In the course of his review, David M. Pollio summarises the third chapter, and provides Classics teachers with some pretty tough criticisms to answer. How would you reply?
In Chapter 3, “Finis: Four Arguments Against Classics,” P. relates four arguments that demonstrate why Latin is in danger of being taught as frequently as Akkadian or ancient Sumerian or even of disappearing from formal higher education, “as ancient Greek nearly has already” (86).

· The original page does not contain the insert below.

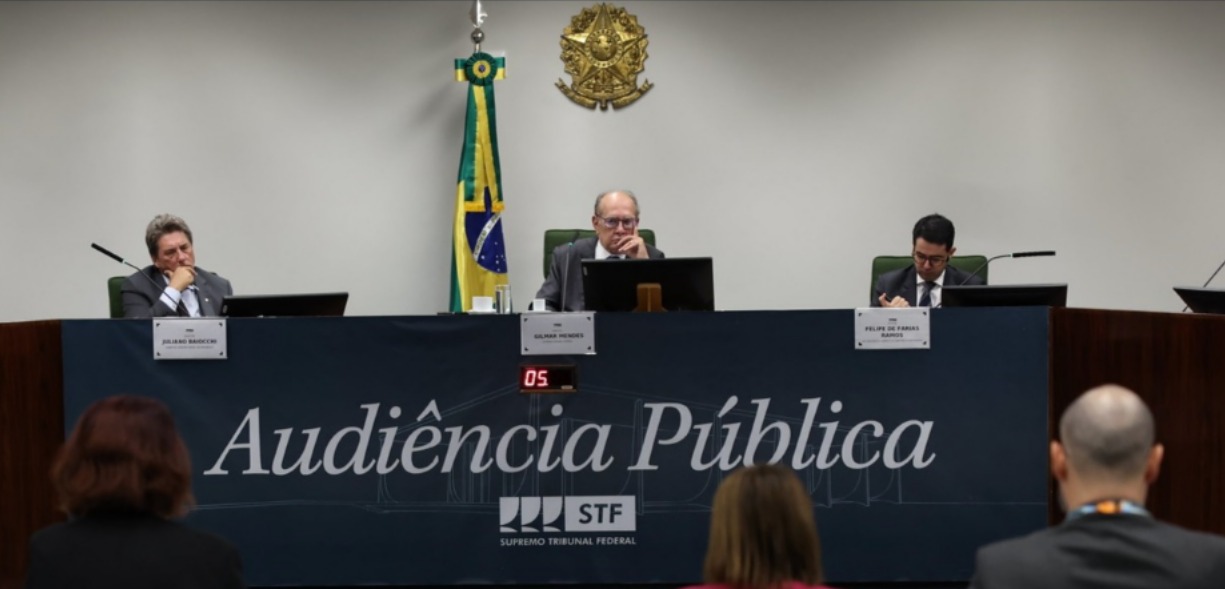 Gilmar Mendes agradece expositores e diz que argumentos vão contribuir para discussão sobre escola cívico-militar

The first, simply put, asserts that, “because the study of Greek and Latin no longer serves any social function, Latin should no longer be studied” (86). This argument takes two forms. The first (weaker version) suggests that Latin has no practical value, but is refutable on the grounds that “the value of many subjects. . .lies in what they do to students' minds, not in their content” (87). The second (stronger version) suggests that Latin and Classics, in general, have become alienated from their socio-economic base: “the self-conscious governing class whose tastes, values, and attitudes classical education was intended to form has vanished, and with it the social function of that education” (87).
The second argument regards the study of Latin and Greek as an elitist activity that acts as a barrier to understanding antiquity for all but the best students. In addition, the argument continues, “Latin. . .presents an especially clear and enduring case of the unbreakable link between language and the oppression of elitist patriarchy” (99).
The third argument against (the curricular subject called) Latin holds that because grammar cannot describe the world studying grammar is actually harmful to the intellect: “grammar and metaphysics, in fact, are equally suspect. Both represent doomed totalizing attempts to master and understand a world whose diversity forever resists all mastery and all understanding. If grammar is to be taught at all, it must be taught as one among many fictions” (103).
Finally, the fourth argument asserts that classical education is a cultural practice that began in the Renaissance and “developed in response to historical, social, and cultural needs and pressures,” but now that it is possible to be considered “educated” without much of a knowledge of antiquity, Classics “may be on the verge of becoming extinct” (105).